While end users are relying on IT to make their life easier and their work more streamlined, the opposite is happening for IT services. Software and hardware are far more robust than in the past, however, the increasing reliance on technology to underpin every part of a business means that any IT problem, no matter how small, will swiftly escalate into a full-scale crisis if it’s not fixed immediately.
When you add this factor into the potential problem of the ever-increasing number of tools and devices that need to be supported, such as smartphones, laptops, home PCs, iPhones and so on, it’s no surprise that support costs are rocketing.
If you’re a multi-site business then the problem just multiplies. At the most basic level, maintaining your enterprise’s PC’s optimal operating system patches, up-to-date applications and the right security measures can almost be a full time job, even with the best auto-update software. But you also need to constantly upgrade and replace your PCs as newer and more processor-hungry applications evolve, and finally all of these devices must be backed up wherever they are, whether at home, work or in the field.
Not so dumb terminals
Happily there is a way to get around all of these problems by using desktop virtualisation. We’re all now familiar with server virtualisation where you replace the applications running on several under-performing servers, with one single server running the applications in multiple virtual servers.
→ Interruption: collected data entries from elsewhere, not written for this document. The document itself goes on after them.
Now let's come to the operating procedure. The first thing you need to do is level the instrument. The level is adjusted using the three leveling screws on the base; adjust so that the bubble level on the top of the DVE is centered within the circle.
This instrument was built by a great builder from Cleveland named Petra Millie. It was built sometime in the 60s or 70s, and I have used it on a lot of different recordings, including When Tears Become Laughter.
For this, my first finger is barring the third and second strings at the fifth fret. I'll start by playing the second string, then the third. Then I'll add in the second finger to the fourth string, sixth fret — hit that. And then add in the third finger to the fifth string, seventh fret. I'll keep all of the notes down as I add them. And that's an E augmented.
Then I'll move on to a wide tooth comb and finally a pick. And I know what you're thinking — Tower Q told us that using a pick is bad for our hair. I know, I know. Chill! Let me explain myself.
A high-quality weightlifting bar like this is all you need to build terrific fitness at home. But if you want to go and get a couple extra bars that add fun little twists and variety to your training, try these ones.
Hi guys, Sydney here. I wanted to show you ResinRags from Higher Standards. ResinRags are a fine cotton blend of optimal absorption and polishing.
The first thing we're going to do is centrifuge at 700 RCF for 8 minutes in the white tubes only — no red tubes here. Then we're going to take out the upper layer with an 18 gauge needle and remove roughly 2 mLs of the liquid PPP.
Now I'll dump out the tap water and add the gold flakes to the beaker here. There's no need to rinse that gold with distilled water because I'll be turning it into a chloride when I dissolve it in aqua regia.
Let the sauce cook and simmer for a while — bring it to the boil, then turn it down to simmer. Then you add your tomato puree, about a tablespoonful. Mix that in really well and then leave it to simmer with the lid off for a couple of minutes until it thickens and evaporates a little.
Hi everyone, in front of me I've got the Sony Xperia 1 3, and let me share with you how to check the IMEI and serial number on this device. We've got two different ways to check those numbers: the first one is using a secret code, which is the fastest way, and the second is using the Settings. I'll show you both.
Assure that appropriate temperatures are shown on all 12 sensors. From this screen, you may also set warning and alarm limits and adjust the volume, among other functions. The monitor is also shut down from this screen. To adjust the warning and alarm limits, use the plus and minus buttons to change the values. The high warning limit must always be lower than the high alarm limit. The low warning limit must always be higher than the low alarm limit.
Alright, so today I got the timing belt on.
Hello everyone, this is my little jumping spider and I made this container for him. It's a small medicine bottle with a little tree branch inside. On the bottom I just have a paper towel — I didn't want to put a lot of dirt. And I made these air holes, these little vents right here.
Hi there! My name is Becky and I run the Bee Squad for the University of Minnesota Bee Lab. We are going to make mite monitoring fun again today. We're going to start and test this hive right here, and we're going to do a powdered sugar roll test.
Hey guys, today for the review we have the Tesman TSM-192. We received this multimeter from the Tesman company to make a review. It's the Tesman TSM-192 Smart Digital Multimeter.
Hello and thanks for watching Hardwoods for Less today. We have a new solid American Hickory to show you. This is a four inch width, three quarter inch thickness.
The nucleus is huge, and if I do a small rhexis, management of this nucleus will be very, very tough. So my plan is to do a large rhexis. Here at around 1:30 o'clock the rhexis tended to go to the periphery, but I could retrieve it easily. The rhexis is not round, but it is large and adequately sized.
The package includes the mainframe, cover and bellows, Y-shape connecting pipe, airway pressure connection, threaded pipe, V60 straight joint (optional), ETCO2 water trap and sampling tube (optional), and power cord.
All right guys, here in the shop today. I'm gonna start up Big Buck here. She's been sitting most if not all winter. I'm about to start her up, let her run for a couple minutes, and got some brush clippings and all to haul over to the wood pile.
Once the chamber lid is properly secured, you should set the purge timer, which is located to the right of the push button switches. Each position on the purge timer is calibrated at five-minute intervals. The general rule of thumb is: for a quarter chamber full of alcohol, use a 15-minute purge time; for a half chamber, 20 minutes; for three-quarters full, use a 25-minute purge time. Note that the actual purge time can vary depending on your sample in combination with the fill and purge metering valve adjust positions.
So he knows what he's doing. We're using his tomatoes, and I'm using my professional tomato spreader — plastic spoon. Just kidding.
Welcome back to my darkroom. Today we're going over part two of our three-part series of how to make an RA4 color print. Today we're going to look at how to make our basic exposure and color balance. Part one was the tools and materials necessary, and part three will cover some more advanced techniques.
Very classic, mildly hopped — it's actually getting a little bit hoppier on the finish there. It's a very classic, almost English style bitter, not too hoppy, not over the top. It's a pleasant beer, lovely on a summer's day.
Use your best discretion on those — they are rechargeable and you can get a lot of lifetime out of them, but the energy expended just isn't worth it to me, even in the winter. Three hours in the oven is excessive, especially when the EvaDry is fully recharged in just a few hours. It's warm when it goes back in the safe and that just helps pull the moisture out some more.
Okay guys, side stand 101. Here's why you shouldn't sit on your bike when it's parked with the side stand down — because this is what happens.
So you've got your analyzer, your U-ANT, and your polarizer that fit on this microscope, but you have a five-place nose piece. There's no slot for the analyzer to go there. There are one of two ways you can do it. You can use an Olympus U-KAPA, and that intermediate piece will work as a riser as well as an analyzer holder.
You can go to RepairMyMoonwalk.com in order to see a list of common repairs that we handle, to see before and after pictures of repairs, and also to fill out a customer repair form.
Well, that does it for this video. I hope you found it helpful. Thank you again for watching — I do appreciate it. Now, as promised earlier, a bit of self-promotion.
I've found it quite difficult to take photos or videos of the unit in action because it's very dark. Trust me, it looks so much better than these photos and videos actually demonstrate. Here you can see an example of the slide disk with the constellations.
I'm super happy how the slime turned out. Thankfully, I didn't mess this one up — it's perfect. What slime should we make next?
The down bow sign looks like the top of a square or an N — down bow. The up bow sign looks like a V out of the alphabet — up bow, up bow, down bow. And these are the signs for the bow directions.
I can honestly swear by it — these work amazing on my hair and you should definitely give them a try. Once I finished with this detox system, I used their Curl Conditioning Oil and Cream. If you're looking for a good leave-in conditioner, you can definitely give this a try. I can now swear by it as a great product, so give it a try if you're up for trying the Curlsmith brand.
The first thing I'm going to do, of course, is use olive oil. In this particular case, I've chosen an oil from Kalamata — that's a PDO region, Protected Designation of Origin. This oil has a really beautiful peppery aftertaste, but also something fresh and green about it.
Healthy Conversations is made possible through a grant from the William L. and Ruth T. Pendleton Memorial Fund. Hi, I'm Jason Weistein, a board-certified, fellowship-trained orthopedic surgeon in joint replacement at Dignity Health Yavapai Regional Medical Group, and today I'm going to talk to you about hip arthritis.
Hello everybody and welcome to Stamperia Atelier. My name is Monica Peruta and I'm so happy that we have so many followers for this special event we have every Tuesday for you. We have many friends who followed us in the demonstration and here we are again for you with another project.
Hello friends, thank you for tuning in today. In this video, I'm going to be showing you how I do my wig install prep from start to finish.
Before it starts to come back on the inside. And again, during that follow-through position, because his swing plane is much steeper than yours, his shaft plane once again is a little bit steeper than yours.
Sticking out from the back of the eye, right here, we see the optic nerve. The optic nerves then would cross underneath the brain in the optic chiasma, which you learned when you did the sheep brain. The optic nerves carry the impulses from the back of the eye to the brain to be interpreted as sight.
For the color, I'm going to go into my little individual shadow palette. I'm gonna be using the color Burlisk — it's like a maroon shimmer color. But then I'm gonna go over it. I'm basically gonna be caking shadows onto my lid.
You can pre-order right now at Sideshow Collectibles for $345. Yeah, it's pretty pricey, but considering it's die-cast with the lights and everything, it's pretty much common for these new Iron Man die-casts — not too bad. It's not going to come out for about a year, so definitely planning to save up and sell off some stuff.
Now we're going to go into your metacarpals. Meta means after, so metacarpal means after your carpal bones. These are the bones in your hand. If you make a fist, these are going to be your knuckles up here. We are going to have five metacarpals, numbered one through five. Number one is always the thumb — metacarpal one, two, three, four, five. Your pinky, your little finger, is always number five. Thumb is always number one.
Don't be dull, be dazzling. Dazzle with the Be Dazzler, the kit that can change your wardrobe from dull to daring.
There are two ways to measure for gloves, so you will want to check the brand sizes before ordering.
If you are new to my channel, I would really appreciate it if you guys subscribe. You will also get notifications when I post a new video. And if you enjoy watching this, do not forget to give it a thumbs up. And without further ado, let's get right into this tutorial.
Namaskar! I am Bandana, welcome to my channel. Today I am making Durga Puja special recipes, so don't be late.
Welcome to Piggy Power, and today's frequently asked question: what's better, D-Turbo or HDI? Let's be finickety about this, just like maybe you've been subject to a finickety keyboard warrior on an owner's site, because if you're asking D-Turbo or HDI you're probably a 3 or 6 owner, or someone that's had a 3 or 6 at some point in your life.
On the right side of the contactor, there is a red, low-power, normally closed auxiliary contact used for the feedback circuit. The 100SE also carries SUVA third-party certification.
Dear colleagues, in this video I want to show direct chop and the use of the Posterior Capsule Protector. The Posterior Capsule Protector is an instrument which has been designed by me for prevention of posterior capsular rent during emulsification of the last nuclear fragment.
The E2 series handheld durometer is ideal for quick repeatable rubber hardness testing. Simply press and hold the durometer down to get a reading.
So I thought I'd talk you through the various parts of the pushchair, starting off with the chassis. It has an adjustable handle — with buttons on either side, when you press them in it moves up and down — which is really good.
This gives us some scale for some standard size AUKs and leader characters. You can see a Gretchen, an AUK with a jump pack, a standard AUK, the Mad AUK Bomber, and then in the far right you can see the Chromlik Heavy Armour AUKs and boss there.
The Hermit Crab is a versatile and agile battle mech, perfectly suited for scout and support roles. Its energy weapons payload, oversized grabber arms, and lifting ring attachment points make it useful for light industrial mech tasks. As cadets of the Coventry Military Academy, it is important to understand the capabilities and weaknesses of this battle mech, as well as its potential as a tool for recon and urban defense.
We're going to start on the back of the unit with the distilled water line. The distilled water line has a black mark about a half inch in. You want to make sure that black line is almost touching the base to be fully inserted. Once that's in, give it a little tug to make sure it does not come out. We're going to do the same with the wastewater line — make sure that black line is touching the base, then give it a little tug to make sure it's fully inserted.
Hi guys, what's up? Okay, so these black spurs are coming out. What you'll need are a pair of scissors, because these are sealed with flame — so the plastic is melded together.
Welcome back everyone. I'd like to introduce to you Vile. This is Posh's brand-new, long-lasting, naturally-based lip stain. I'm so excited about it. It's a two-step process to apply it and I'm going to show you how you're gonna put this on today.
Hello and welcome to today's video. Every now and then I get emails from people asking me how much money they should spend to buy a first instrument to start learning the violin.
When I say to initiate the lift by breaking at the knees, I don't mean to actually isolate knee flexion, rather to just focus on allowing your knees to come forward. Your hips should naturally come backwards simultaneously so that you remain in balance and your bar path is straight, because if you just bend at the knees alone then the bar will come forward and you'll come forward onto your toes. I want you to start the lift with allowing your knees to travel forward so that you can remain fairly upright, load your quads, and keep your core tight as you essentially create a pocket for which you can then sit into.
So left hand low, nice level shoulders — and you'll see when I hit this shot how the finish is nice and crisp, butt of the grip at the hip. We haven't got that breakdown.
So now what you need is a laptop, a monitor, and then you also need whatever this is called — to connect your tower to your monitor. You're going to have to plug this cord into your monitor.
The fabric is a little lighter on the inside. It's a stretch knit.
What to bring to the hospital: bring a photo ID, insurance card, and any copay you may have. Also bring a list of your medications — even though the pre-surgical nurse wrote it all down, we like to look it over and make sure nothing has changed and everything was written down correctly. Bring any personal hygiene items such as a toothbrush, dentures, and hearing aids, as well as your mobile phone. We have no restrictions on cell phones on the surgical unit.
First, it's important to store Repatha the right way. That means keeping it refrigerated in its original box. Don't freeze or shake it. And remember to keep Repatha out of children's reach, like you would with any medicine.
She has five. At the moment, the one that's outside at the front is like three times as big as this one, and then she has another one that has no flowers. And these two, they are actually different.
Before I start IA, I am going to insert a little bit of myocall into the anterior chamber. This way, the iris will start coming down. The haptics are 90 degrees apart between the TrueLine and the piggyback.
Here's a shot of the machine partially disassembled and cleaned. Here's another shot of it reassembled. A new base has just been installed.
Desktop virtualisation takes that one step further by virtualising each desktop in your business and effectively turning each PC, laptop and so on into a dumb terminal.
The advantages of desktop virtualisation are many; you will only need to support one version of an operating system, and one version of each application.
This means that updates can be achieved in minutes rather than days or even weeks. Should you do a new tweaked version of an operating system for a particular user then it’s simple to add an additional desktop. It also means that patch updates and security can be easily and quickly implemented and if there’s a problem with an application and a new patch it’s a rapid process to roll back to a previous version.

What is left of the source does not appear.